EXERCISE PROMPT: Please reproduce the lines of the records below from the one holding "KIA NIRO 2018" through the one holding "José F. Peláez", inclusive, skipping all pictures.

THE INPUT:
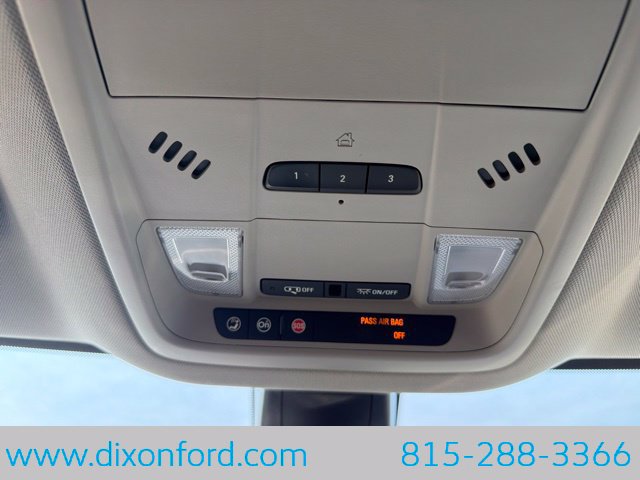 Used 2020 Buick Enclave Premium w/ Surround and Sites Package AWD/4WD image 20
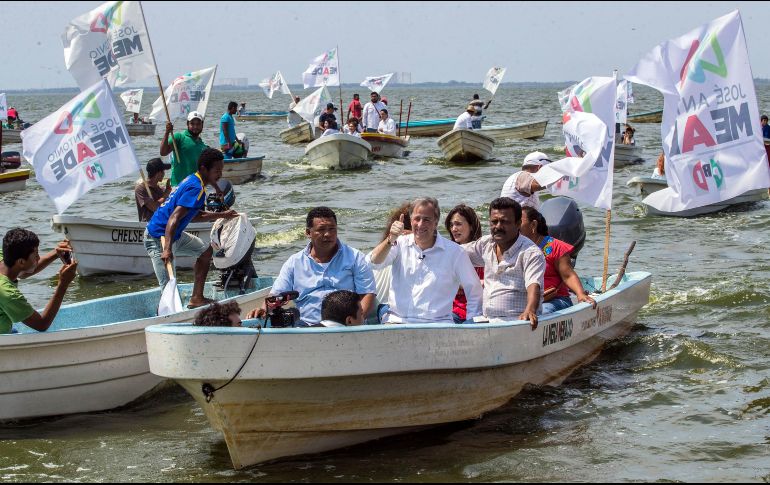Meade también prometió apoyos como motores fuera de borda y embarcaciones. SUN/G. Espinosa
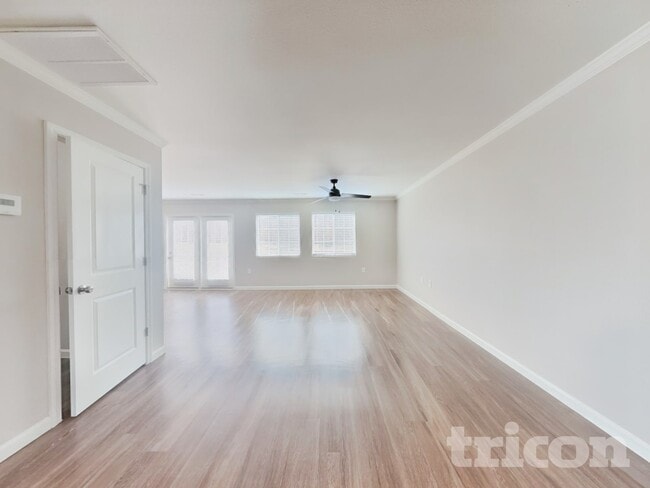 Building Photo - 3079 Stauton Dr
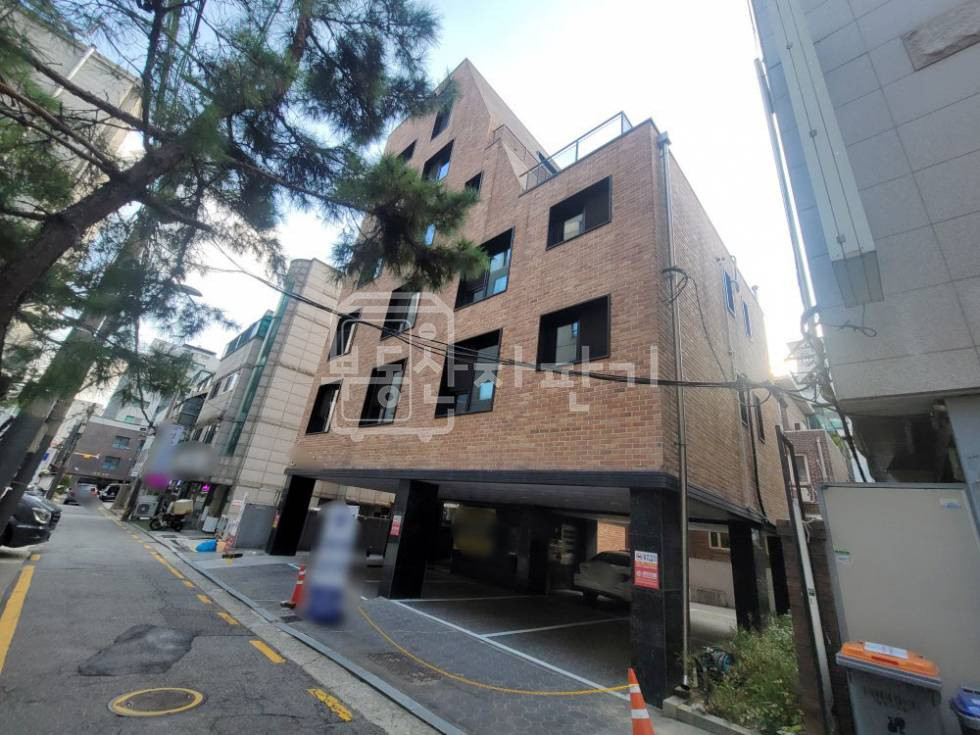 서울 강남구 역삼동 개나리아파트사거리 인근,지상6층~1층 단독건물 통임대 월세 매물번호 26953 사진 1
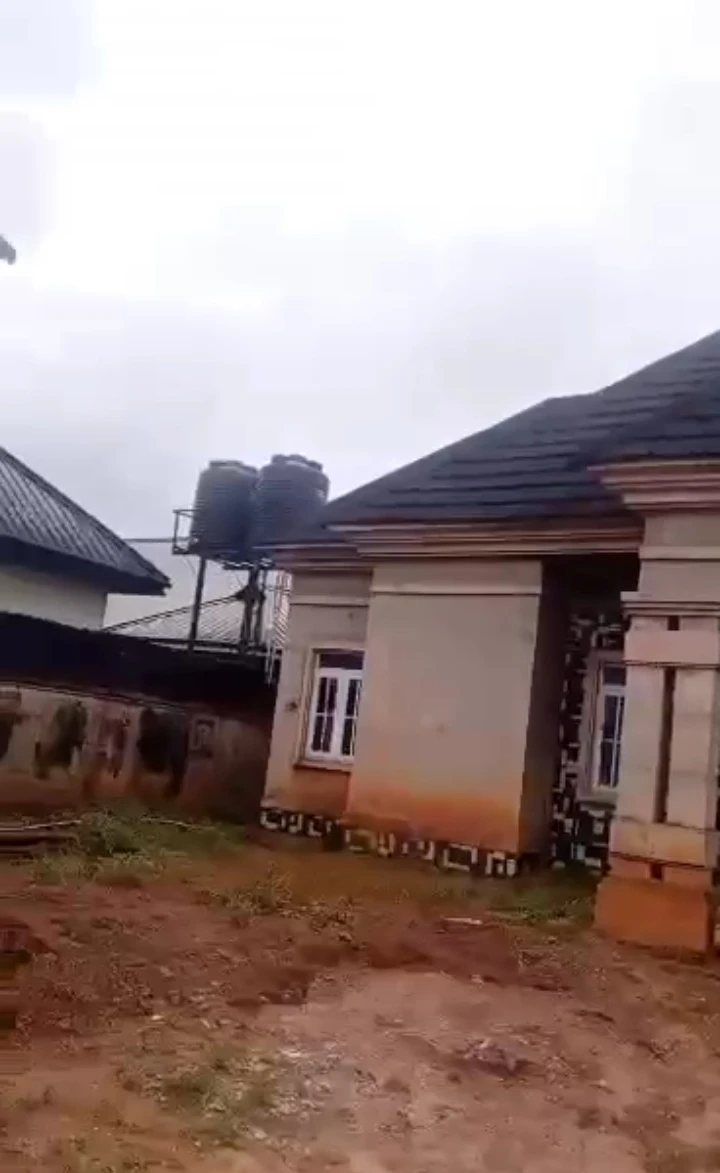 Bungalow for Sale in Okabere road off Benin Sapele road, Edo cover picture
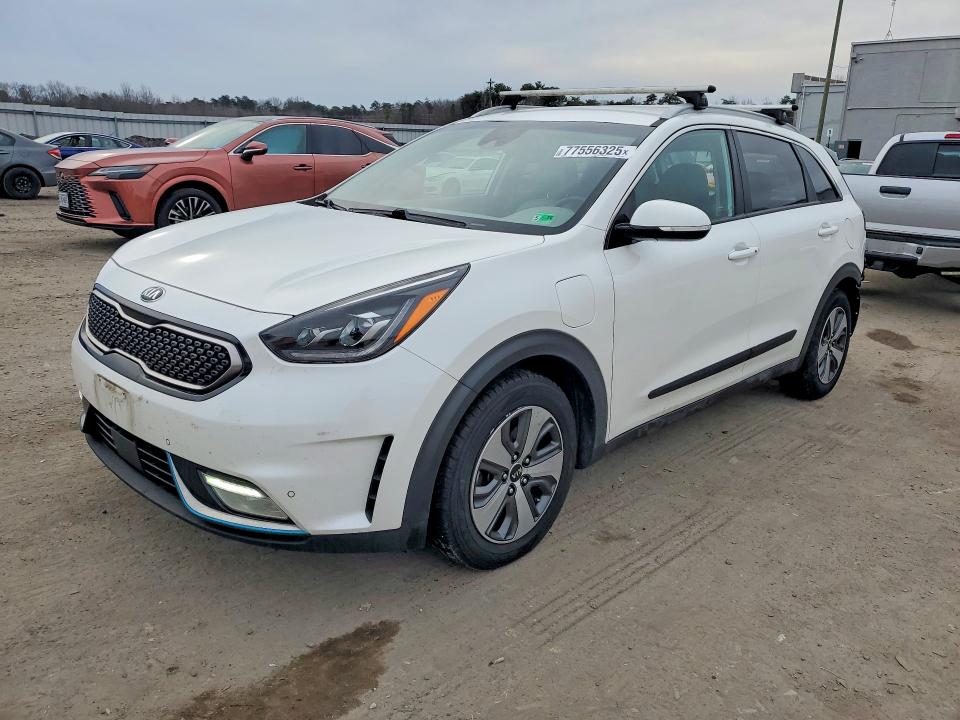 KIA NIRO 2018 with VIN KNDCC3LD8J5206143 - Photo from auction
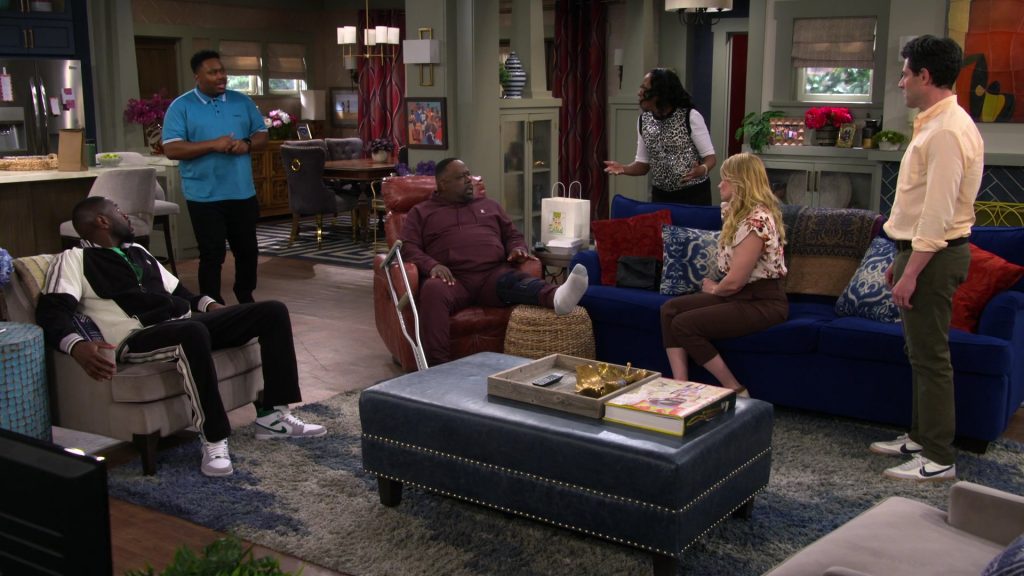 Nike Sneakers in The Neighborhood S06E05 “Welcome to the Front Window” (2024) (Image 10)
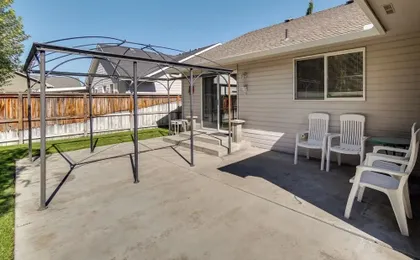 6 Mi to Dtwn Yakima: Central Washington Home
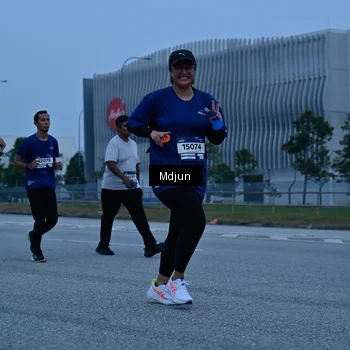Runner Photo 7477945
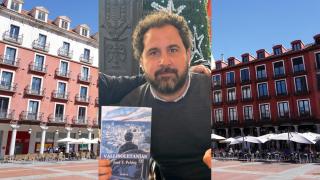 José F. Peláez con ‘Vallisoletanías' y la Plaza Mayor al fondo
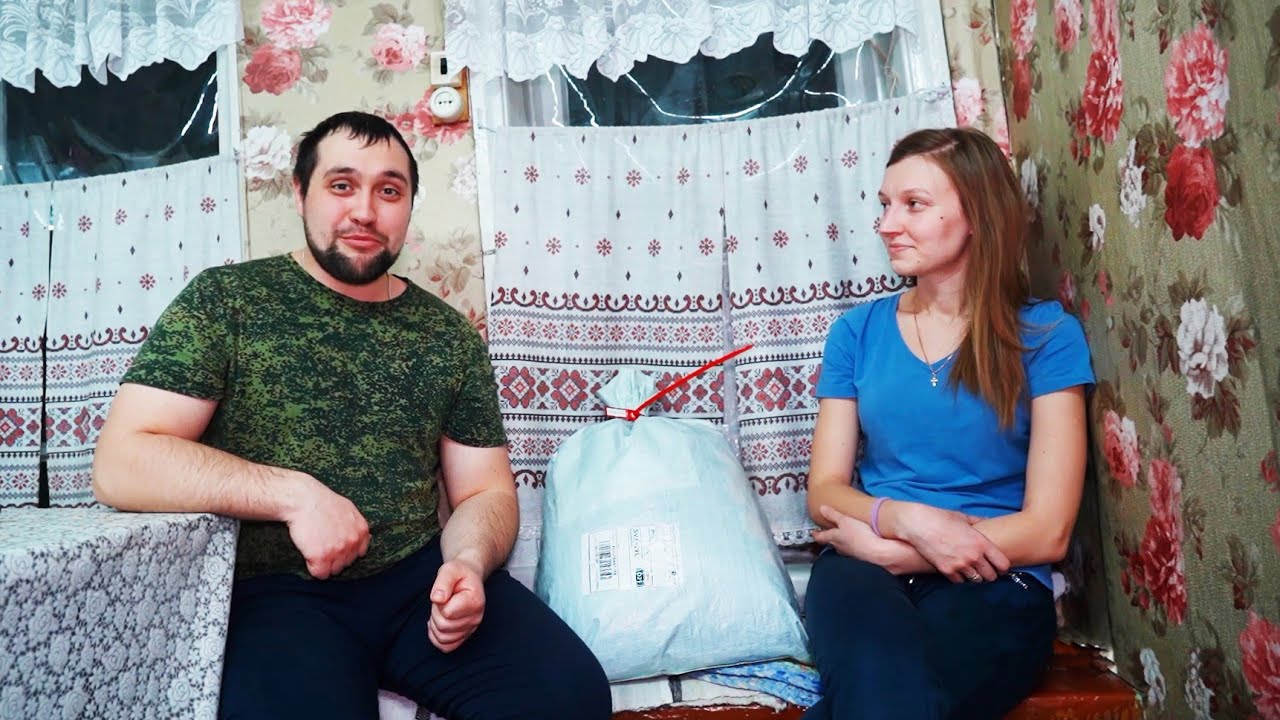 Жизнь в уральской деревне - посылка от зрителей - купили кате новые коньки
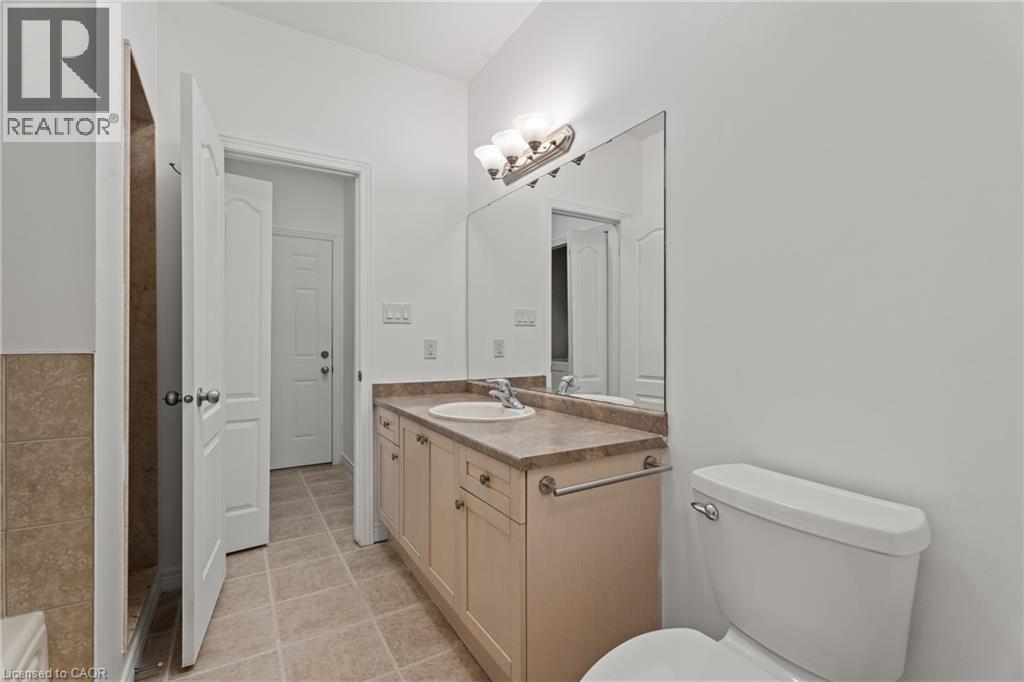 68 Hallmark Trail Unit# 39, Hamilton, Ontario  L9B 0A4 - Photo 16 - 40767753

ANSWER SECTION:
 KIA NIRO 2018 with VIN KNDCC3LD8J5206143 - Photo from auction
 Nike Sneakers in The Neighborhood S06E05 “Welcome to the Front Window” (2024) (Image 10)
 6 Mi to Dtwn Yakima: Central Washington Home
Runner Photo 7477945
 José F. Peláez con ‘Vallisoletanías' y la Plaza Mayor al fondo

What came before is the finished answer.